In this work, instead of manually selecting special k-points for various crystal systems, a learnable gate $G$ is utilized to filter the $\{{a}_{{{{{{\rm{PW}}}}}}}\}$ automatically. $G$ has the same dimension ${q}^{3}$ with $\{{a}_{{{{{{\rm{PW}}}}}}}\}$ and the value of each dimension ranges from 0 to 1. We tried two different formats of $G$, $g(W\{SG\})$ and $g(W\{{a}_{{{{{{\rm{PW}}}}}}}\})$, where $g$ is the Sigmoid function, $\{SG\}$ denotes the one-hot vector of current space group and $W$ is a learnable matrix. Experiments have proved that the latter is better, which means that the self-adapting gate is better than the space-group based gate. The reason is probably that the value of plane wave $\{{a}_{{{{{{\rm{PW}}}}}}}\}\,$at each k-point already reflects the space information of a given crystal structure. All the results in this paper are based on the format of $G=g(W\{{a}_{{{{{{\rm{PW}}}}}}}\})$.

Because of the rotational invariance of mask function $M$, our model is invariant w.r.t. rotations of the input crystal. The rotational invariance of the $\{{a}_{{{{{{\rm{RBF}}}}}}}\}$ in $M$ is obvious. Figure 2(c) presents a simple example to show why $\{{a}_{{{{{{\rm{PW}}}}}}}\}$ is also rotation invariant. The sampled k-points ${{{{{{\bf{k}}}}}}}_{i}$ and the distance vector between atoms ${{{{{{\bf{r}}}}}}}_{ij}\,$change with the rotation operation, but their dot product will keep the same because the reciprocal space also rotates with the coordinate space.

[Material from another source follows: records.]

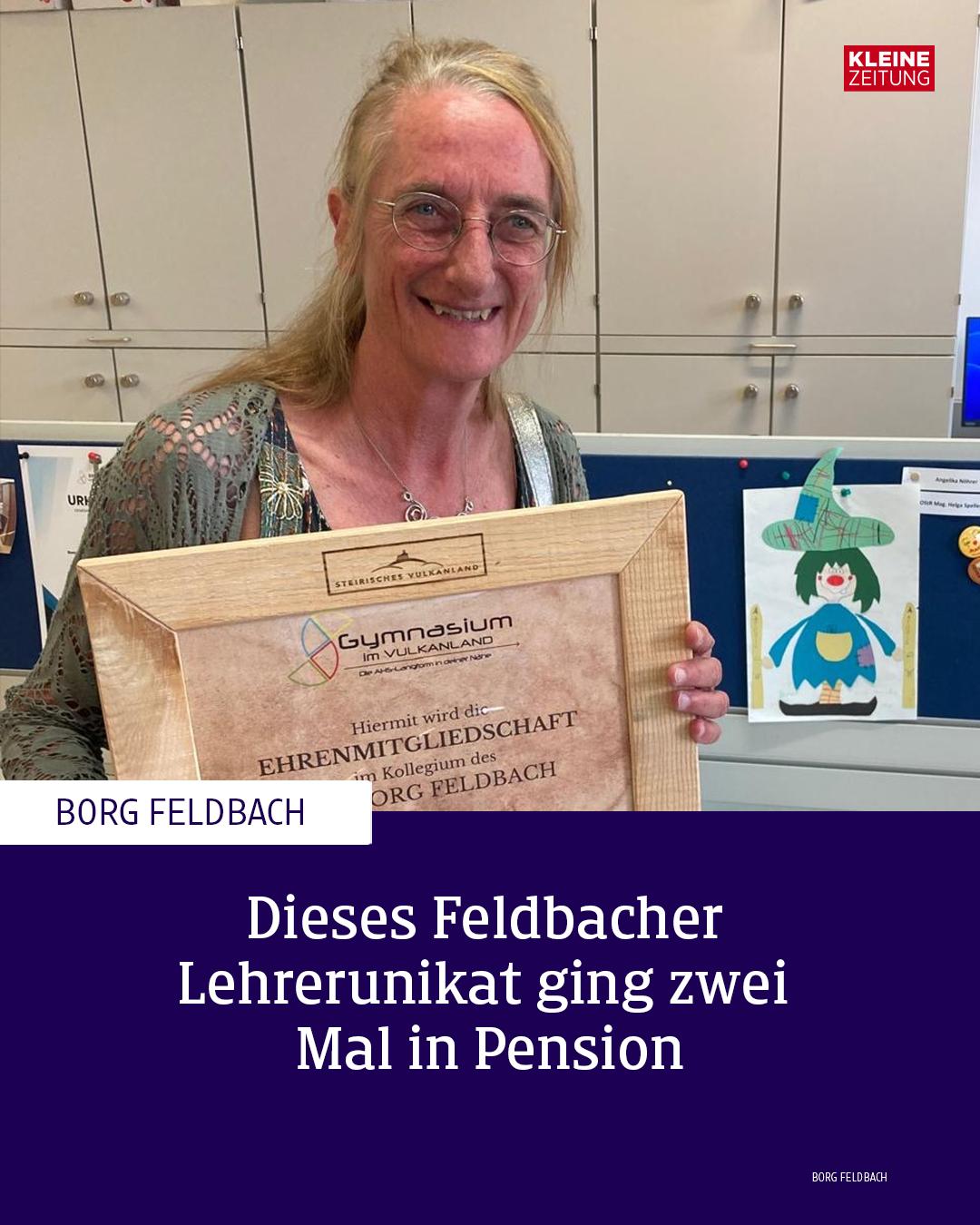 @Kleine Zeitung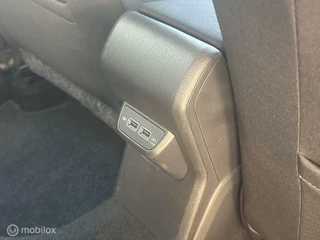 Volkswagen Polo Volkswagen Polo 1.0 TSI 95PK Comfortline Business ACHTERUITRIJ CAMERA CLIMATE CONTROLE CARPLAY NETTE GOED ONDERHOUDEN AUTO!! - afbeelding nr 23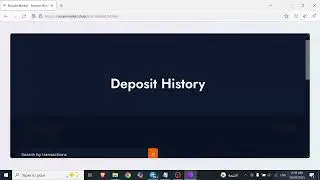 🚨 Russian Market CC is a SCAM! & Telegram Fraud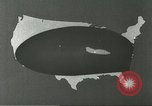 Immagine di X-24un aeromobile United States USA, 1967, secondo 42 filmato di repertorio 65675067387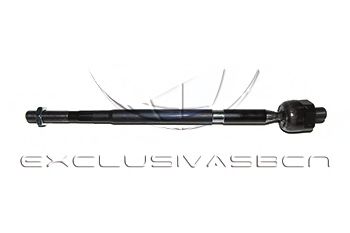 MDR MRE-8813 Осевой шарнир, рулевая тяга 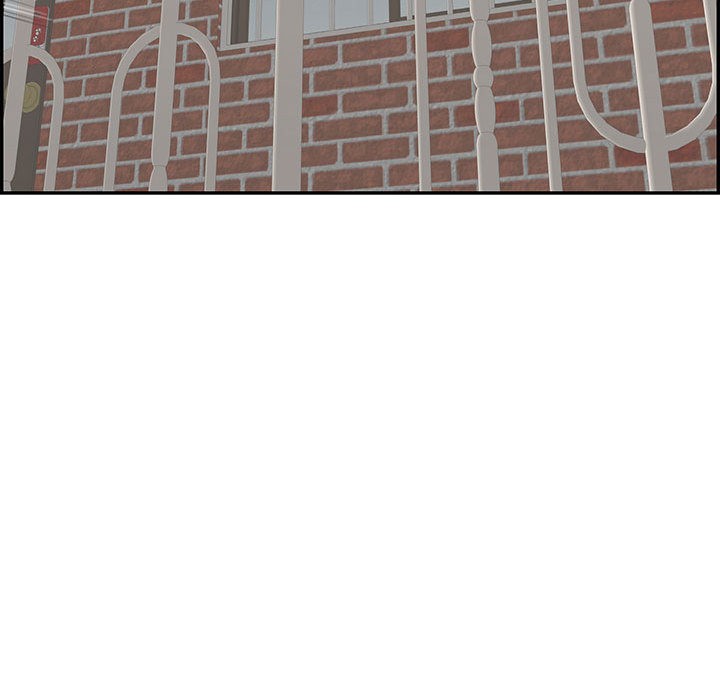 再愛我一次第2話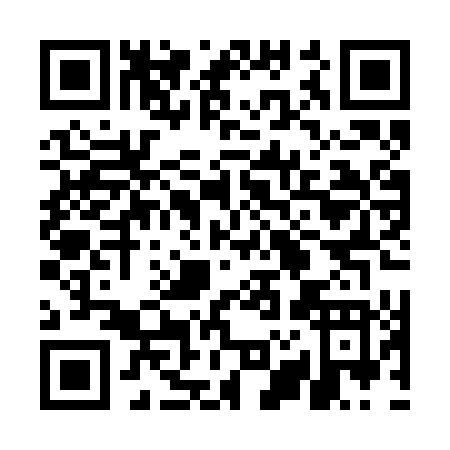 QR code for 5Z8RT
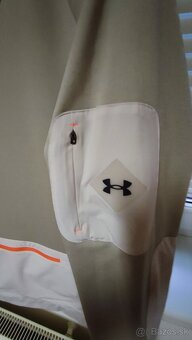 Under Armor mikina - 4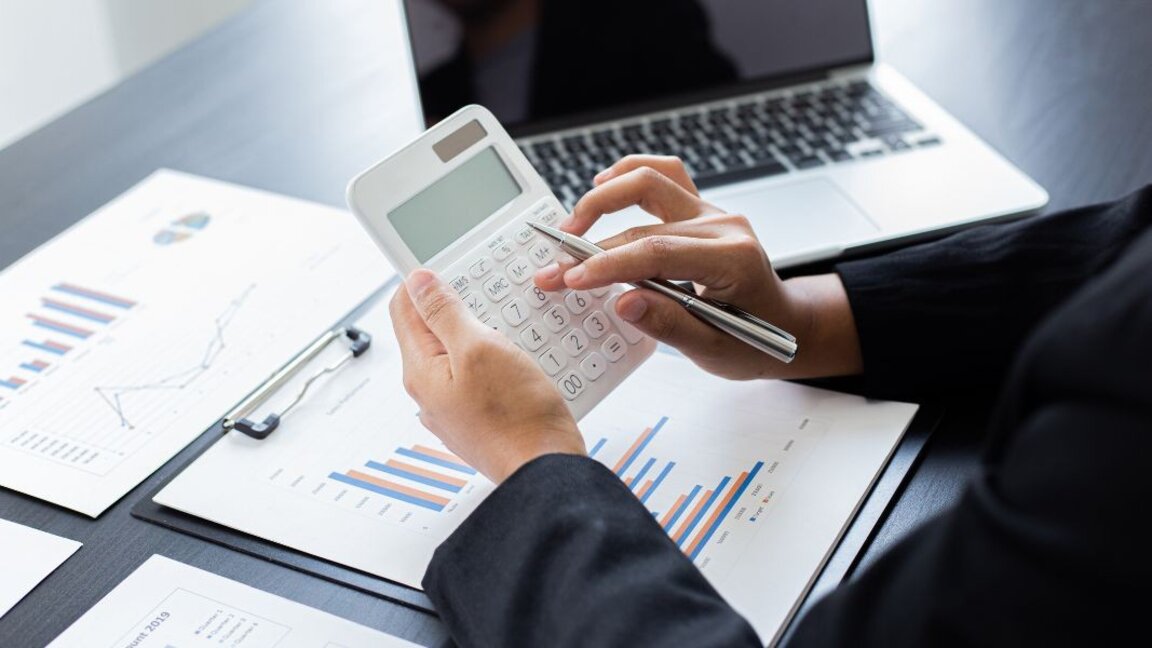 IME: June 3 is the day when taxpayers start working for themselves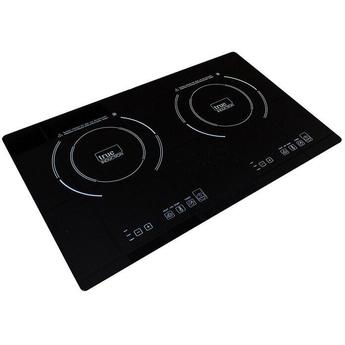 True induction ti2b 2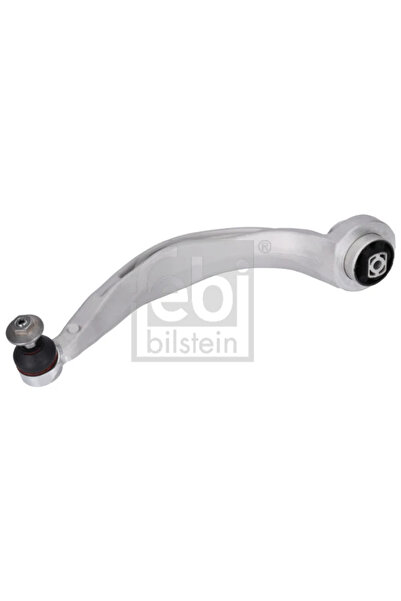 FEBI BILSTEIN Brat Suspensie Roata Spate Audi A4 B8/A5/Q5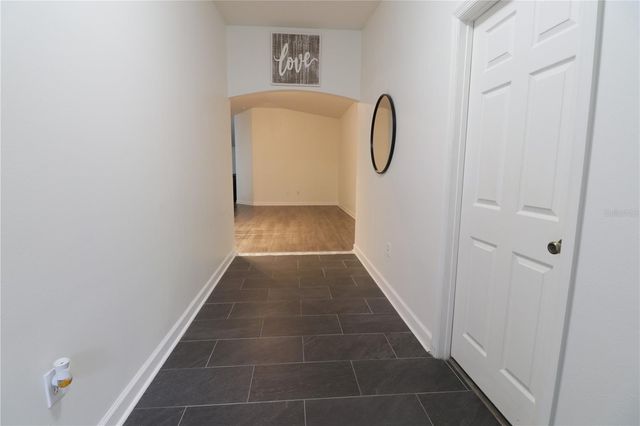 1319 TARTON WAY, Cocoa, FL 32926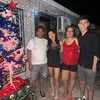 coco.cuellar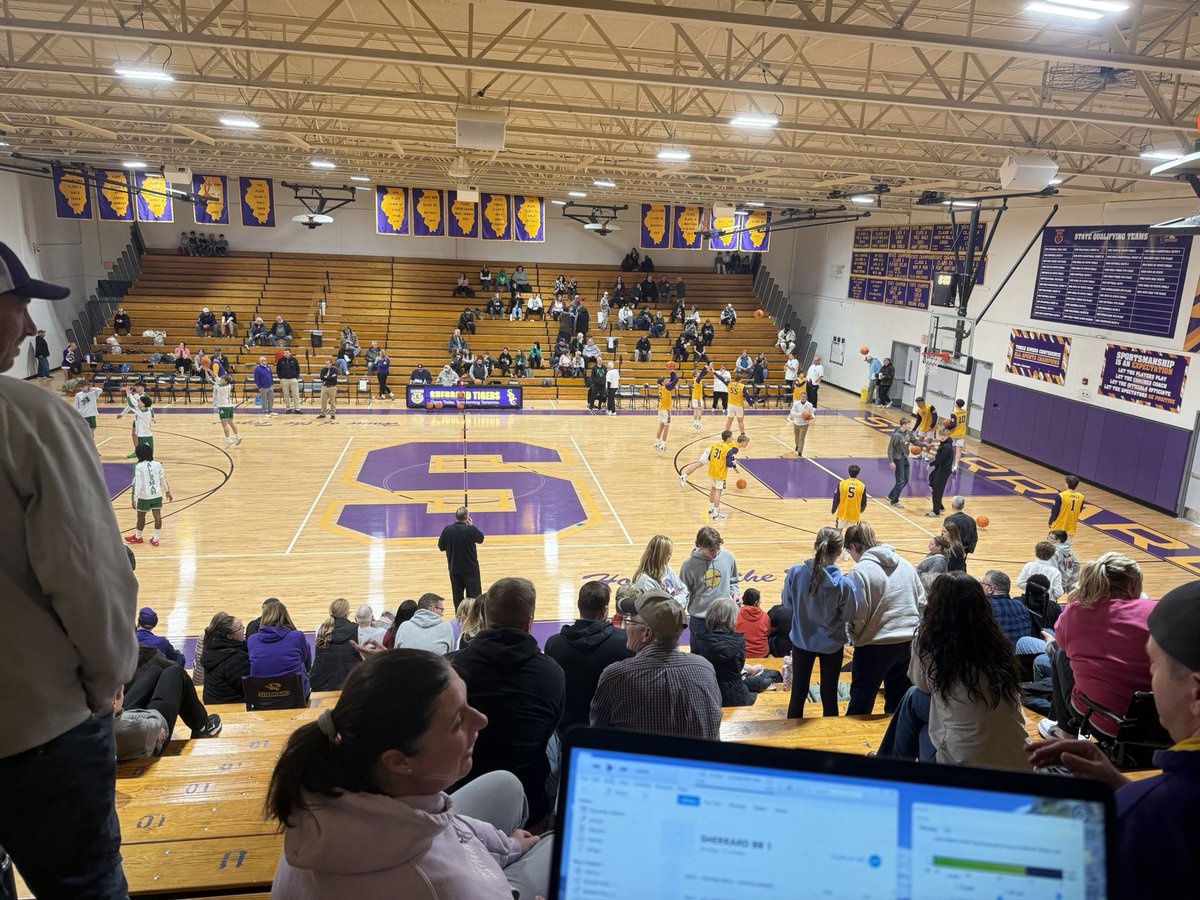 Ty Taylor tweet media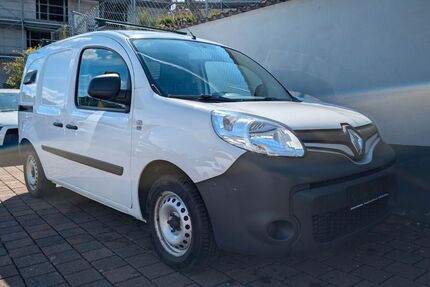 Renault Kangoo 36.400 km 11.800 € Montabaur 56410
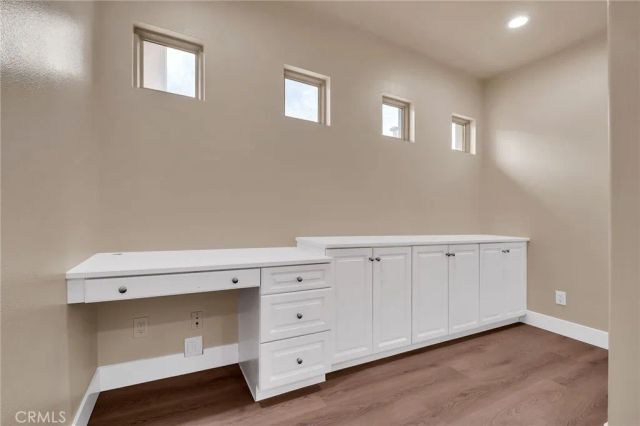 3301 Terrace Ridge, Long Beach, CA 90804
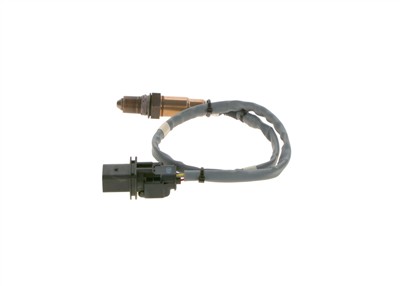 BOSCH 0 281 004 191 Číslo výrobce: LS 44191. EAN: 4047025383257.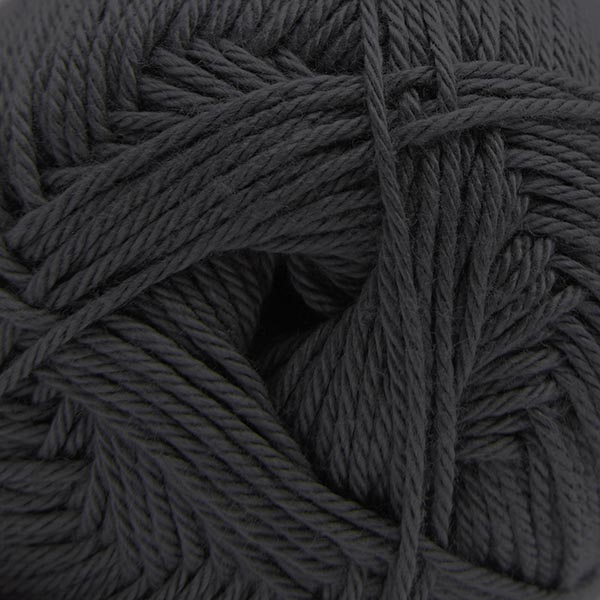 Cascade Pandamonium Yarn - The Woolery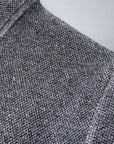 Helvano | Strickweste für Herren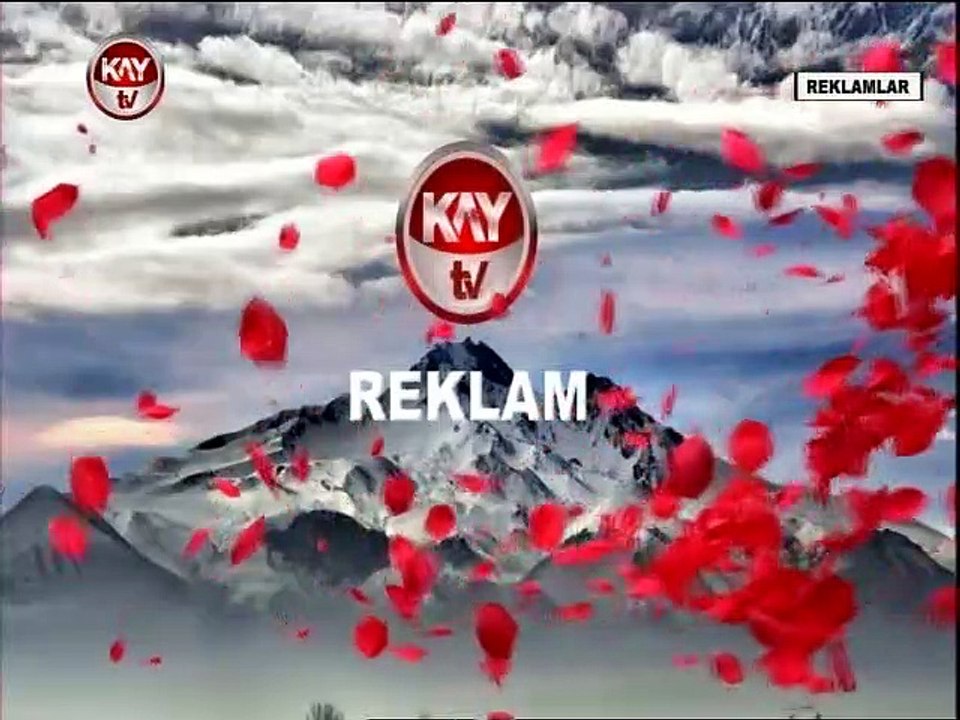 10 NİSAN 2023 KAYTV HABER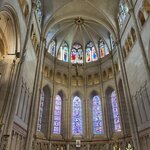 Photo taken by Deborah S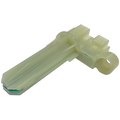 W11126005CM Dishwasher Wash Vane Sensor Replaces W11126005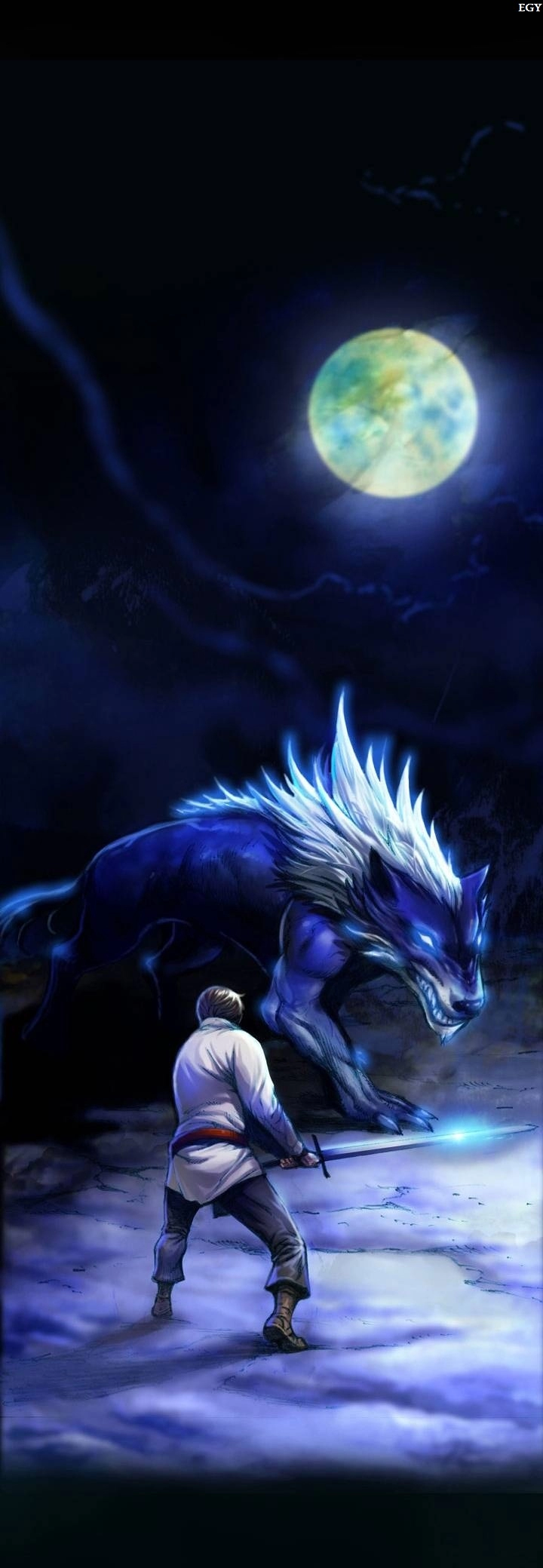 Read The Legendary Moonlight Sculptor AR Manga Online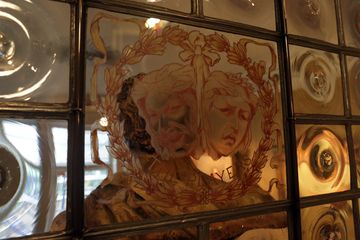 The Players Club 9 Private Clubs Historic Site Gramercy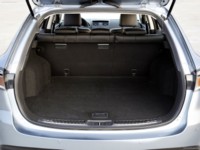 Mazda 6 Wagon 2011 mug #NC166874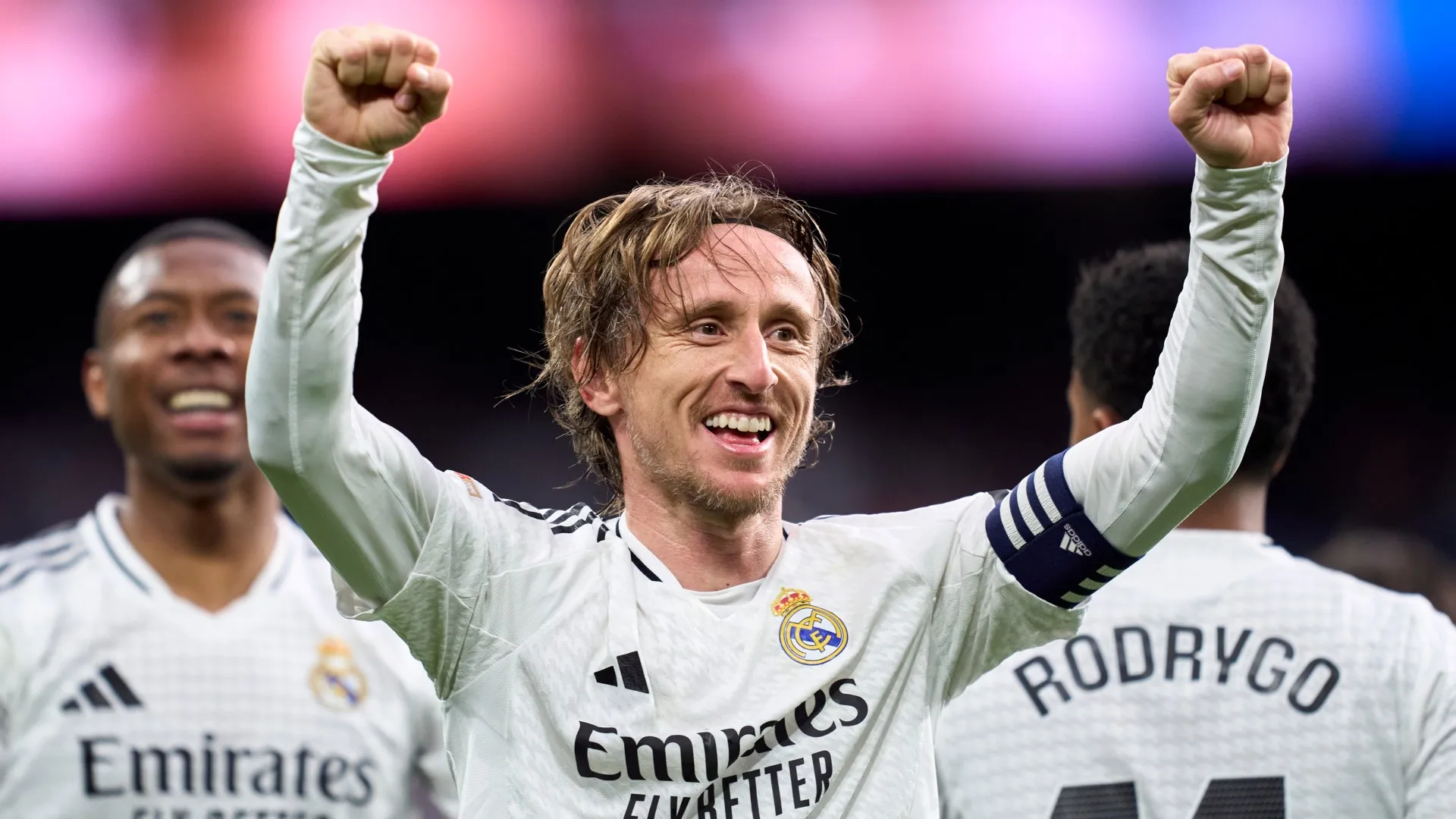 modric_13dsfxm9p0tt31605uoclcl5ui.jpg
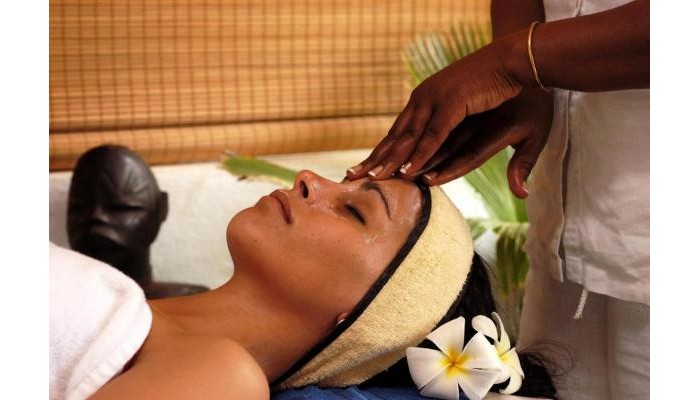 Poza pentru Bluebay Beach Resort And Spa 2855-1697121902 Bluebay Beach Resort And Spa poza 28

**Fig. 2: Several features of the attention mask function M.**

As shown in Fig. 3, our model contains three main blocks: embedding, gated convolution, and output blocks. The embedding block generates an initial one-hot vector of each atom according to the atomic number and passes the initialized vector to the first gated convolution block. The gated convolution block updates the node embedding via gated graph convolution among the neighbors of each node and passes each layer’s node embedding to the output block. The output block aggregates on each crystal graph’s node features to generate each layer vector, and then passes them into the multilayer perceptron to get the final target.

Model evaluation

Different datasets cause different performances of machine learning. However, many of previous works ignore this point when evaluating their models. To evaluate our model sufficiently, we compared our model against three other models with the same datasets (training set, validation set, and testing set) which comprised by different amounts of data in Material Project (MP)² and Open Quantum Material Database (OQMD)¹. MP and OQMD contain over 130K and 560K computational crystal structures, respectively. The targets we choose are formation energy per atom $({E}_{{{{{{\rm{f}}}}}}})$, band gap $({E}_{{{{{{\rm{g}}}}}}})$ and two elastic metrics: bulk modulus ${K}_{{{{{{\rm{VRH}}}}}}}$ and shear modulus ${G}_{{{{{{\rm{VRH}}}}}}}$. Note that there are a few data mismatches with CGCNN because of database updating of MP. In addition, we trained our model on the largest datasets we can find (over 560K of OQMD) to get the best performance we can get now.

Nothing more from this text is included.